En muchas comunidades, estas mujeres son abandonadas por sus parejas o familias, como ha sucedido, por ejemplo, con muchas supervivientes de Boko Haram en Nigeria. En la comunidad yazidí, acogieron a los niños, pero no todo es fácil: Murad denuncia la falta de recursos para atender a la infancia, y también la obligación de registrar a los padres legales, aunque fueran los capturadores y violadores de esas mujeres.
De Gaza a Sudán o Ucrania
Como víctima de un conflicto, Murad es clara sobre Gaza, pero también sobre lo que sucede en otros lugares, como Congo, Guatemala, Ucrania o Sudán: “Lo que necesitamos es que la guerra pare y que la gente tenga el apoyo que necesiten. La violencia en conflicto es una violencia contra todo el mundo. Refugiados, activistas, feministas, todos deberíamos unirnos. Quizá no veamos cambios rápidos, pero estamos haciendo progresos”. Sobre Gaza, Murad denuncia el sufrimiento de la población civil y alerta de que es la gente “más vulnerable” quien paga un precio más alto en el conflicto. Y habla de la justicia como paso imprescindible para sanar el sufrimiento que generan guerras y genocidios. Esa justicia pasa, recuerda, por identificar y enterrar a familiares asesinados, pero también por llevar a los responsables ante los tribunales.
“Tenemos que centrarnos en soluciones sostenibles para la gente, no solo en ofrecer ayuda de emergencia. La gente no solo tiene que sobrevivir, tiene que poder vivir en lugares reconstruidos. Cada vez es más difícil encontrar apoyos para nuestras organizaciones y para proyectos humanitarios, es más difícil seguir con nuestro trabajo. Necesitamos que los gobiernos reconozcan la gravedad de lo que sucedió, muchos no lo han hecho”, subraya.
La Premio Nobel critica la criminalización de las personas refugiadas, a las que a veces se ve “como personas que se aprovechan del sistema”. “La mayoría de los y las refugiadas no quiere irse de su casa, no quiere dejar de lado su cultura y su historia. Yo espero poder criar en el futuro a mis hijos en mi región, por eso llevo mucho tiempo trabajando en reconstruir mi comunidad.
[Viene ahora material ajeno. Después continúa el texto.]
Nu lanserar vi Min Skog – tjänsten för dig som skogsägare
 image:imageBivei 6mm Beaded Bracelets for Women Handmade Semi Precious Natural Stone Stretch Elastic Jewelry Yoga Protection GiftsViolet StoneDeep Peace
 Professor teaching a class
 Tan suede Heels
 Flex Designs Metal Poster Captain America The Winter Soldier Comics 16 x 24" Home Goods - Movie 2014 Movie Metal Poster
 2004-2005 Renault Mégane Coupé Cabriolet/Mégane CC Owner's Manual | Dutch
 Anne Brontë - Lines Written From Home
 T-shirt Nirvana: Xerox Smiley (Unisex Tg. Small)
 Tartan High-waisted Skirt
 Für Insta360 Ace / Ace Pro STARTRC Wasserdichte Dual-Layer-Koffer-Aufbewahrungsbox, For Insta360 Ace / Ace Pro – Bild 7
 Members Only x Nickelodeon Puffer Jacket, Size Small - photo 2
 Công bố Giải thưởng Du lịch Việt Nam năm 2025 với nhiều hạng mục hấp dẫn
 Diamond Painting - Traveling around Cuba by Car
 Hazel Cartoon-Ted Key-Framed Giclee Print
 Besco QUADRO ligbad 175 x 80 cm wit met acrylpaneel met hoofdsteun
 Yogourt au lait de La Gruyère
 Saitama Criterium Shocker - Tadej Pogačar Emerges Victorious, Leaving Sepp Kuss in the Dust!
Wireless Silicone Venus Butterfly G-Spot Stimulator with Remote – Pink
Tenemos que reconocer a los refugiados como seres humanos”, defiende Murad, que entiende que los países no puedan no asumir a millones de refugiados, pero reclama, entonces, “trabajar juntos para reconstruir la vida” de estas personas, “y no enviarles a sus países sin más”. “¿Cómo podemos construir la paz cuando hay millones de desplazados y nuevas generaciones están creciendo en campos de refugiados?”, se pregunta.
El verano de ese 2014, cuando Nadia se estaba preparando para su último año de escuela secundaria (ella fue la primera de su familia en acceder a la educación formal) y el ISIS arrasó su comunidad, ella tenía una idea en la cabeza: abrir un centro de estética para mujeres. Once años y un Premio Nobel después, esa ilusión sigue rondándole: “En Afganistán, los talibanes, no porque las mujeres no puedan maquillarse o peinarse, sino para que lo hagan en casa y no tengan esos espacios de reunión. Los centros de estética son también lugares en los que las mujeres conectan y comparten cosas”. Esa ilusión, aún no cumplida, también es parte de su historia.